= Arts Council of Winston-Salem Forsyth County =

US non-profit organization

Arts Council of Winston-Salem and Forsyth County, covering Winston-Salem and Forsyth County, North Carolina, US, claims to have been the first (1949) locally established arts council in the United States. Now there are more than 4,000. Arts Council raises funds for the arts, advocates for the arts, sponsors events with other arts organizations, provides educational opportunities, develops social capital, and assists economic development. It relies on volunteers and contributors (both private and public) to run effectively.
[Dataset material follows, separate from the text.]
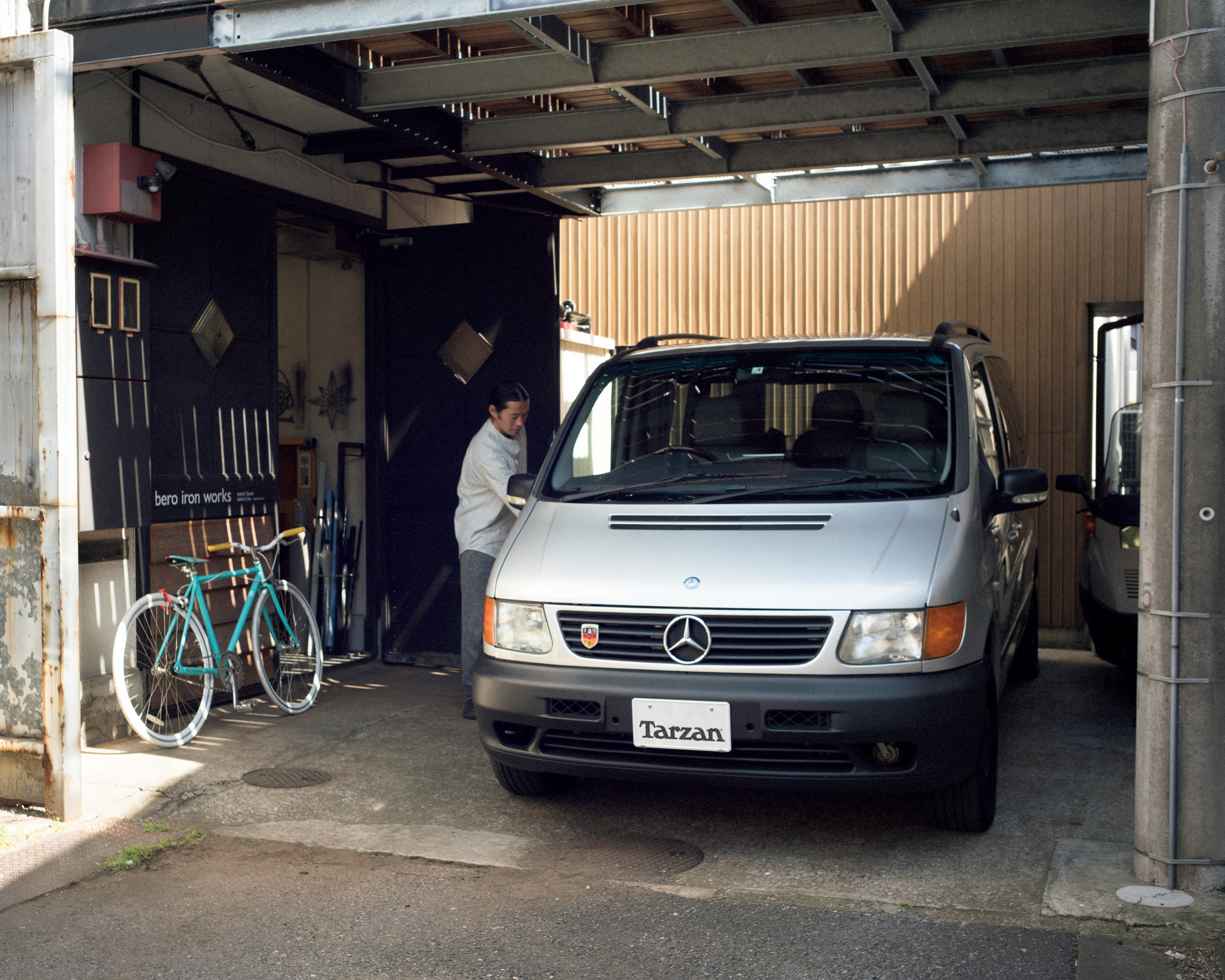 《MERCEDES-BENZ V230》｜クルマと好日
Arts Council employs 12 full-time staff members, and has an active Board of Trustees with more than 30 members.

==History==
Arts Council was founded in 1949 with $7,200 in seed money from the Junior League of Winston-Salem. They were the first arts council created in the United States and continue to be a model for similar organizations throughout the country. In the late 1980s, city and county leaders recognized Arts Council as the official local arts agency for public arts funding. The organization raises funds on an annual basis to support artists and arts and cultural organizations.
Arts Council owns and operates a campus in Downtown Winston-Salem that includes three theatres (Hanesbrands Theatre, Reynolds Place Theatre, and Mountcastle Forum), two galleries (Main Gallery and Associated Artists of Winston-Salem's Three Corners Gallery, Sawtooth School for Visual Art (tenant), and an extension building that is home to The Little Theatre of Winston-Salem and North Carolina Black Reparatory.

==Community impact==
Arts Council states that for 75 years, it has aimed to "provide proactive leadership and spark cultural growth." Their sponsored programs provide arts education to school children, help artists advance their careers, and help organizations in the community provide performances, exhibits and events throughout the year. It is estimated that annually they reach 800,000 local residents and school children through programs and initiatives.
The arts have a substantial economic impact on Winston-Salem and Forsyth County.